Mais de
140 índios — a maioria crianças — foram removidos das aldeias com quadro grave.
Quatro bebês Xikrin e Parakanã morreram no final de abril por falta de
atendimento hospitalar
O
Ministério Público Federal (MPF) quer que o Ministério da Saúde coordene em
caráter de emergência uma força tarefa com profissionais de saúde e homens do
Exército para conter um surto de gripe que se alastra nas últimas semanas pelas
aldeias do médio Xingu afetadas por Belo Monte, no Pará.
De acordo
com dados do Distrito Sanitário Especial Indígena (Dsei), responsável pelo
atendimento à saúde na região, mais de 140 índios tiveram que ser removidos de
suas aldeias, sendo mais de 100 crianças, com sintomas graves de gripe e
diarreia.
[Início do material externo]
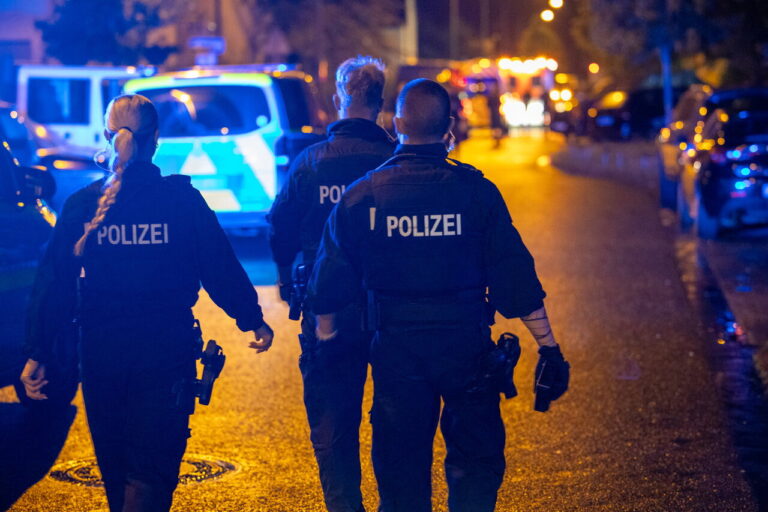 Massenschlägerei in Frankfurt endet tödlich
Até o mês passado, segundo o Dsei, cerca de 20% da população indígena
da região já tinha adoecido de gripe.
O surto
de gripe se alastrou mais ainda no final de abril, por conta de programações
realizadas em Altamira em comemoração ao Dia do Índio, em que índios de várias
aldeias foram levados à cidade, fazendo com que a síndrome gripal alcançasse
todas as etnias. Quatro bebês Xikrin e Parakanã chegaram no dia 29 de abril com
quadros graves de febre, tosse e diarreia, mas tiveram que ficar aguardando
internação no hospital municipal São Rafael, por falta de leitos. No mesmo dia
e no seguinte, os quatro morreram.
Em
reunião de emergência no último dia 6 de maio na sede do MPF em Altamira,
entidades envolvidas na contenção do surto trocaram informações sobre a
situação e definiram a necessidade de ações urgentes, com envio da Força
Nacional do Sistema Único de Saúde (FN-SUS). O Dsei informou que a
situação é de “absoluta excepcionalidade”, que os quadros têm evolução muito
rápida com febre abrupta, diarreia e vômito, e que as equipes em campo são insuficientes
para as ações de prevenção.
Normalmente,
o Dsei realiza oito voos por mês para remoção de doentes das aldeias. Na surto
atual, estão realizando cinco voos por dia. Ao chegar em Altamira, os índios
doentes correm o risco de não ter atendimento. Segundo a secretaria municipal
de Saúde, a situação nos serviços de saúde é de superlotação e incapacidade de
atender todos os doentes. E, segundo informaram ao MPF, nesse cenário, caso o
quadro se agrave, levar os indígenas ao Hospital Regional da Transamazônica é
escolher onde a criança vai morrer, pois não há Unidade de Terapia Intensiva
(UTI) disponível.
Diante da
falta de profissionais e estrutura na cidade de Altamira para atender a
demanda, o MPF provocou a secretaria executiva do Ministério da Saúde, solicitando
o envio de esforços para garantir estrutura de apoio para os casos que
necessitem de internação.
A falta
de leitos é agravada pelo inchaço populacional causado em Altamira pelas obras
da usina de Belo Monte. Para mitigar o problema, a Norte Energia construiu um
hospital, como parte das condicionantes impostas pelo Instituto Brasileiro do
Meio Ambiente e dos Recursos Naturais Renováveis (Ibama). Mas até hoje, seis
anos após o início das obras, ele permanece fechado. Foi prevista a
reformulação do atendimento da saúde indígena para que os índios não
necessitassem ir até a cidade para qualquer atendimento, mas essa condicionante
também ainda não foi cumprida.
A
procuradora da República Thais Santi, de Altamira, também recomendou à Fundação
Nacional do Índio (Funai) que promova a interdição temporária da Casa do Índio
na cidade. O espaço, uma estrutura que abriga indígenas quando se deslocam para
a área urbana, durante compromissos e atendimentos de saúde, é hoje num foco da
doença. O fluxo de indígenas na cidade pode piorar muito a dimensão do surto,
que já é considerado alarmante. A interdição deve ser acompanhada, segundo o
MPF, de diálogo com as lideranças indígenas sobre a gravidade do problema.
“Considerando o caos social gerado pela usina de
Belo Monte, que acarretou o colapso do sistema de saúde municipal, bem como o
aumento do deslocamento dos indígenas para o núcleo urbano e a entrada
constante de não índios nas aldeias, o potencial de alastramento desse surto é
alarmante e a capacidade local para absorção da demanda é notoriamente
restrita”, disse a procuradora em recomendação enviada à Funai.